This is an example of table data that I am working on (the table contained a lot of columns, I am showing here only the relevant ones):
Id
job_number
status
parent_id
1
42FWD-42
0
0
2
42FWD-42
1
1
3
42FWD-42
5
1
Id is auto generated. parent_id links the job using the id.
When a new job is created via the app, a new row is created (with status "0"). The auto-generated Id is then used for subsequent rows of same job, and set as parent id.
Another record with status "1" (which is code for started) is also created just after parent record.
Explanation of the problem: due to a bug in the app, there are duplicate set of rows for the same job.
Example of problem
Id
job_number
status
parent_id
1
42FWD-42
0
0
2
42FWD-42
0
0
3
42FWD-42
1
1
4
42FWD-42
1
2
5
42FWD-42
5
1
As you can see from this example, due to the bug, there are 2 rows with "0" status for the same job, and 2 rows with "1" status.

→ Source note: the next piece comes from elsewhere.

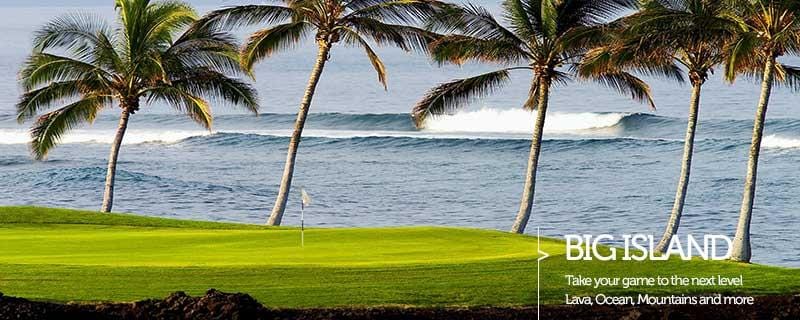 Big Island Golf Courses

This creates a lot of problems in operation in app where the job is updated using the job number.
The status number should not repeat for a specific job.
What I want to do is to find all duplicates like those in example. For example, I want a query where I can find all duplicates which have same job number, but different parent_id and NO "5" status.
Example result using the example table above, I need the query to return:
Id
job_number
status
parent_id
2
42FWD-42
0
0
4
42FWD-42
1
2
Explanation of this result:
Row with Id=1 is considered the correct record because it has an associated record with status "5"
Row with Id=2 is considered duplicate and its associated records are also considered duplicate
Another possible case: there are duplicate rows, but none have status=5. These rows can be discarded, ie need not be shown in results.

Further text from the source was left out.